Assistant U.S. Attorney David Zhou told a Manhattan jury that Alain Kaloyeros made sure the "fix was in" so his preferred developers got lucrative deals in a development plan known as Buffalo Billion.

But defense lawyer Reid Weingarten depicted Kaloyeros, a 62-year-old Lebanese-born scientist, as "a hero in Albany" for creating high-technology jobs in an entirely legal effort to honor Gov. Andrew Cuomo's "request to spread the miracle" to upstate New York.

Kaloyeros is accused of conspiring with construction and real estate executives to rig bids for lucrative projects in Buffalo and Syracuse — an allegation that Weingarten said the defense team would "blow ... into smithereens."

The lawyer said it will be like "child's play" to prove that the bidding process did not favor the defendants. Repeatedly, he referred to his client as "Dr. K."
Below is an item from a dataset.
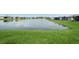 Scenic view of a calm pond, reflecting the blue sky, surrounded by a neatly manicured green lawn at 9566 Coastline Way, Parrish, FL 34219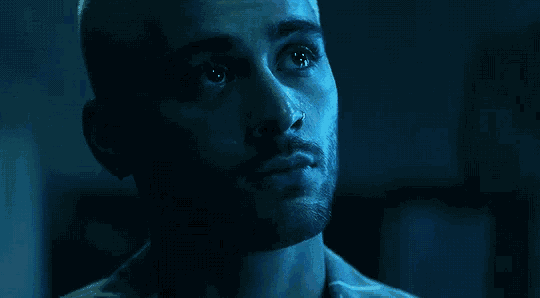 a close up of a man 's face with a nose ring in the dark .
The trial is the second to rely heavily on emails from a long-time consultant with close ties to Cuomo. Lawyers for Kaloyeros and three co-defendants promised to show jurors that the consultant, Todd Howe, was responsible for any crimes that took place.
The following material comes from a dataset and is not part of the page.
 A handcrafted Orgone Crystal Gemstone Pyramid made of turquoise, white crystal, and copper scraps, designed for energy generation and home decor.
The first trial ended with the conviction of Joseph Percoco, a former top aide to the Democratic governor, and others on bribery and fraud charges. Howe's testimony at Percoco's trial led to Howe's incarceration after he admitted violating his cooperation agreement with the government. He will not testify at the second trial.

Cuomo was not accused of wrongdoing at either trial.
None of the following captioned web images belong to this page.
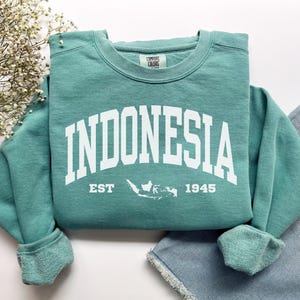 May include: Teal crew neck sweatshirt featuring the word "INDONESIA" in white block letters. Below the word is "EST 1945" and a white graphic of the Indonesian archipelago. The sweatshirt is folded, with the sleeves and bottom hem visible.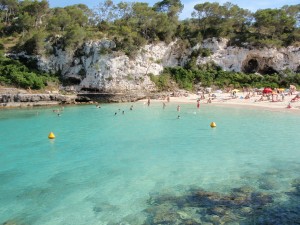 a group of people swimming in a clear blue water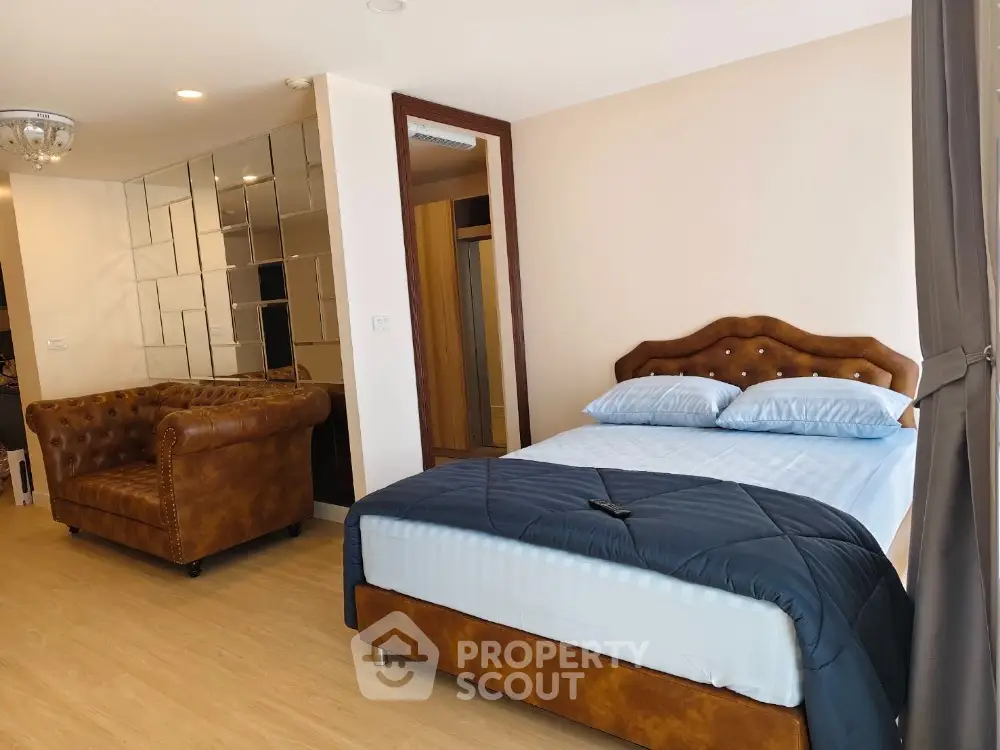 Spacious bedroom with elegant decor and plush furnishings in modern apartment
Cuomo once called Kaloyeros his "economic guru," and the governor invited him to appear at the announcement of various economic development projects.

But Zhou said Kaloyeros, who led the Polytechnic Institute until he resigned in October 2016, made sure Buffalo-area developer Louis Ciminielli, 62, got a more than half-billion-dollar deal to build a high-tech factory in Buffalo and that Syracuse-based COR Development, including top executives Steven Aiello, 60, and Joe Gerardi, 58, received a $100 million deal to build a factory and film studio in Syracuse.

"This is a case about lying and cheating to get large state construction contracts for hundreds of millions of dollars," Zhou said.

Ciminelli and others in his company, LPCiminelli, contributed nearly $100,000 to Cuomo's 2014 re-election campaign while COR executives and their relatives contributed $125,000 to Cuomo's campaign.

Lawyers for Ciminielli, Aiello and Gerardi blamed Howe for smearing their clients' good names, saying he was the criminal.

"No crimes were committed here," said attorney Steve Coffey, representing Aiello.

"My client is not guilty of anything," said Milton Williams, Gerardi's lawyer. "This is a case about how my client, Joe Gerardi, was a victim of Todd Howe."